GaPFlow.Database#
- class GaPFlow.Database(md: Any, db: dict, num_extra_features: int = 1)#
Bases:
objectContainer for GP training datasets.
Handles dataset initialization, normalization, data addition, and optional dtool integration for persistent dataset storage.
- Parameters:
md (GaPFlow.md.MolecularDynamics) – An instance of the MD runner object.
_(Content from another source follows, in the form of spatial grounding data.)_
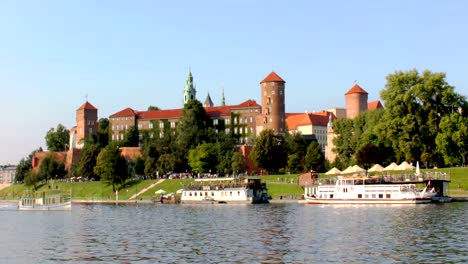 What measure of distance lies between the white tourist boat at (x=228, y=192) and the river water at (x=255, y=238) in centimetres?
2034

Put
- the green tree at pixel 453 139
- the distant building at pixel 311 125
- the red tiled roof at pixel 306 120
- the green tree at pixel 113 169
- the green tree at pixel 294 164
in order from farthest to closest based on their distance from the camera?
1. the red tiled roof at pixel 306 120
2. the distant building at pixel 311 125
3. the green tree at pixel 113 169
4. the green tree at pixel 294 164
5. the green tree at pixel 453 139

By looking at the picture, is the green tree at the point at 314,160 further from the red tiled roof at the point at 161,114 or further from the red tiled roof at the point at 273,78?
the red tiled roof at the point at 161,114

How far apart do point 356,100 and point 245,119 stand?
22418mm

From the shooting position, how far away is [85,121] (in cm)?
16100

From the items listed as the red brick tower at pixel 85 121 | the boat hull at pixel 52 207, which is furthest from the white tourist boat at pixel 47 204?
the red brick tower at pixel 85 121

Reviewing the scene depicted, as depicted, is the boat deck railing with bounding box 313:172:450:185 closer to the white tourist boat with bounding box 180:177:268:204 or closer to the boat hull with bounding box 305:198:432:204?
the boat hull with bounding box 305:198:432:204

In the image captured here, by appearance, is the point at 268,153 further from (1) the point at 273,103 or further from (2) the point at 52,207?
(1) the point at 273,103

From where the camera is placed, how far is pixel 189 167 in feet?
383

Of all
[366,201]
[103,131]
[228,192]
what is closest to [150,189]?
[228,192]

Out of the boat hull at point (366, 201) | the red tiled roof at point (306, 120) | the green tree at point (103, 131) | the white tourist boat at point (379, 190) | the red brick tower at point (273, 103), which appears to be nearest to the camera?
the boat hull at point (366, 201)

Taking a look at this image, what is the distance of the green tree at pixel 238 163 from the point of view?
105 meters

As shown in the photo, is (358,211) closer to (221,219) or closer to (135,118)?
(221,219)

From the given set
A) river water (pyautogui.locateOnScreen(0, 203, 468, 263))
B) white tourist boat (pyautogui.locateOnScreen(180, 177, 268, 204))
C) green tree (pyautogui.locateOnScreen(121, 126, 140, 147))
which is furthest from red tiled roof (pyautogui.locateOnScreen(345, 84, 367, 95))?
river water (pyautogui.locateOnScreen(0, 203, 468, 263))

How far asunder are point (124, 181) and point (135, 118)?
169ft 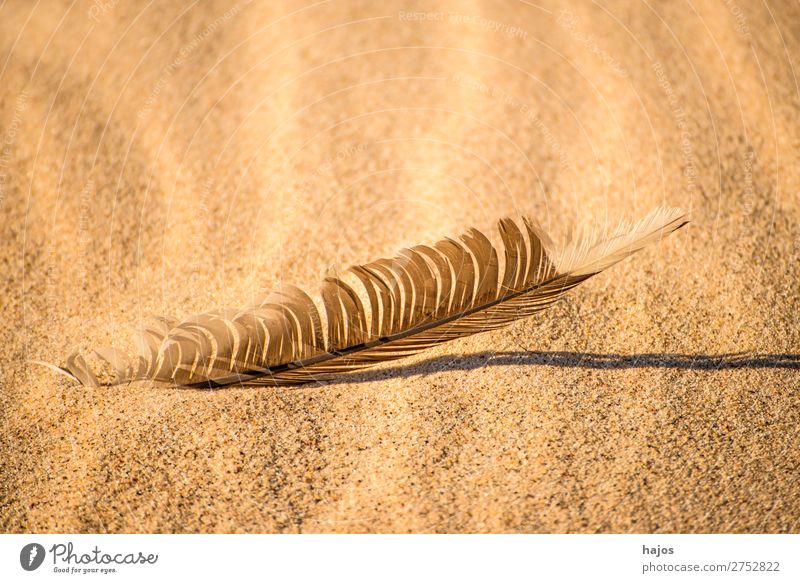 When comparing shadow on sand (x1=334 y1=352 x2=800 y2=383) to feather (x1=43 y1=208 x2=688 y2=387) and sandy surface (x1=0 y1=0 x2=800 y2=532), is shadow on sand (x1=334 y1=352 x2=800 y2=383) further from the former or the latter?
feather (x1=43 y1=208 x2=688 y2=387)

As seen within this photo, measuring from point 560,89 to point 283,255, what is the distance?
186cm

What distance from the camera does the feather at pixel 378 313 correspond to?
2.43 meters

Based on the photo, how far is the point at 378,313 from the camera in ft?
7.98

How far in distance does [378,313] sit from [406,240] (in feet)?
3.08

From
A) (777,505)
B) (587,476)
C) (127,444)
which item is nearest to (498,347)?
(587,476)

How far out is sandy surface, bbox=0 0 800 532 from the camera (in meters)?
2.31

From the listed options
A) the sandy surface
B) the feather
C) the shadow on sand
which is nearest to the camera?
the sandy surface

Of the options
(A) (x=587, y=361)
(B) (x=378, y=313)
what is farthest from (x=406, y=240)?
(A) (x=587, y=361)

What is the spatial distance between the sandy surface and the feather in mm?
201

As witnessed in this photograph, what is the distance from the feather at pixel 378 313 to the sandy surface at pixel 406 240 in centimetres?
20

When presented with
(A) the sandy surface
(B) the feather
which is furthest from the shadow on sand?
(B) the feather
Adding a data point will lead to calling its run method.
db (dict) –
Configuration dictionary with keys:
'dtool_path': str, path where training data is stored and loaded from.'init_size': int, minimum dataset size.'init_width': float, relative sampling width.'init_method': str, name of the (quasi-)random initialization method (‘lhc’, ‘rand’, ‘sobol’).'init_seed': int, random seed for initialization.
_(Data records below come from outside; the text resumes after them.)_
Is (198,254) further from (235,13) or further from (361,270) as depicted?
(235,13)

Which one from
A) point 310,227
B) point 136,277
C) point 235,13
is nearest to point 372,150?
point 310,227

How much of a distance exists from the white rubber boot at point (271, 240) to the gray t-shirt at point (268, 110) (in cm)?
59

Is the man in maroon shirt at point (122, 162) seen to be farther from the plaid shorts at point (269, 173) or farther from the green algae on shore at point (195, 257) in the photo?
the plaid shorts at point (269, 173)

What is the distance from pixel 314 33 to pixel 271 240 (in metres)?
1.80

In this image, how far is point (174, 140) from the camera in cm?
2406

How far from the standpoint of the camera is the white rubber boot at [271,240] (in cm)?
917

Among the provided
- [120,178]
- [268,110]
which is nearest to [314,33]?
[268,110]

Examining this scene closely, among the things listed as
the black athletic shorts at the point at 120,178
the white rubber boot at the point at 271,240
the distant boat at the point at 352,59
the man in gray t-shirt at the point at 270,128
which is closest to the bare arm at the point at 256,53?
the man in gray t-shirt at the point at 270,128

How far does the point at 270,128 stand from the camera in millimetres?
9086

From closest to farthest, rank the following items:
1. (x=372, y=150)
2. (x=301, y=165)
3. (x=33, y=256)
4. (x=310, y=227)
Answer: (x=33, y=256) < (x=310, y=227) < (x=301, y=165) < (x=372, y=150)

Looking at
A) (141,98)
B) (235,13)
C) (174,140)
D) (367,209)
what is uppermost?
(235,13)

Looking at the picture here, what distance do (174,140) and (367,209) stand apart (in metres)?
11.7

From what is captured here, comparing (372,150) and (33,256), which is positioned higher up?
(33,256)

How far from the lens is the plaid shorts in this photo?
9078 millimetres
num_extra_features (int, number of additional features (next to solution, gap height + gradients)) – stored with the database (default is 1)
- __init__(md: Any, db: dict, num_extra_features: int = 1) None#
Methods
__init__(md, db[, num_extra_features])add_data(Xnew)Add new data entries to the database.
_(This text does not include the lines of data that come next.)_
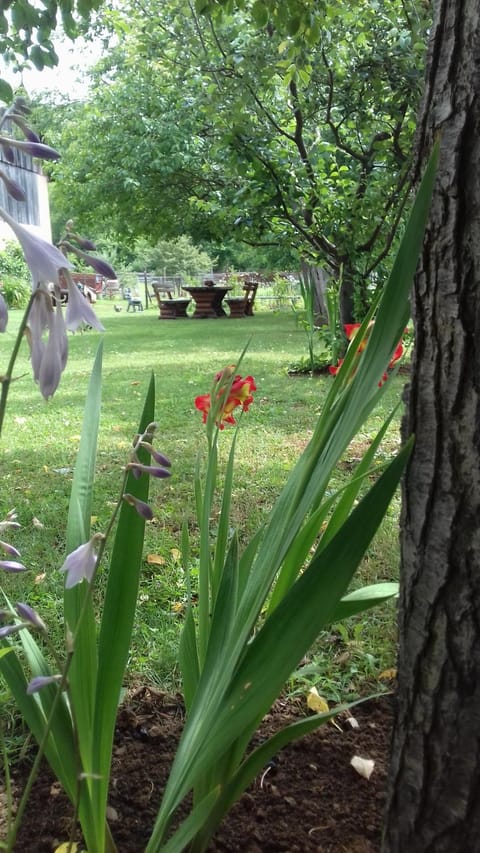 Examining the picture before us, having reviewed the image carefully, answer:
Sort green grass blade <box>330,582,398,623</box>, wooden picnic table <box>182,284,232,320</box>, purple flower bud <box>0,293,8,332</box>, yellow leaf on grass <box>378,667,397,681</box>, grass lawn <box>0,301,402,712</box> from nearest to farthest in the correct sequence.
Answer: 1. purple flower bud <box>0,293,8,332</box>
2. green grass blade <box>330,582,398,623</box>
3. yellow leaf on grass <box>378,667,397,681</box>
4. grass lawn <box>0,301,402,712</box>
5. wooden picnic table <box>182,284,232,320</box>

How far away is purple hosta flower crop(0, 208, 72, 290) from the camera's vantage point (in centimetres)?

Get list of dtool README files for existing MD runs from a local directory.
Get list of dtool README files for existing MD runs from a remote data server (via dtool_lookup_api)
initialize(Xtest[, dim])Initialize database.
set_training_path(new_path[, check_temporary])Set training path.
write()Write the dataset arrays to disk (if the simulation output path is specified).
Attributes
Normalization constants for input features.
Normalization constants for input features.
Normalized input features of shape (Ntrain, Nfeat).
Normalized input features of shape (Ntrain, Nfeat).
Normalization constants for observations
Normalization constants for observations
Normalized observations of shape (Ntrain, 13).
Normalized observation error of shape (Ntrain, 13).
Configuration parameters of the database object.
Flag that indicates whether the attached MD runner is a 'mock' object.
Configuration parameters of the attached MD runner object.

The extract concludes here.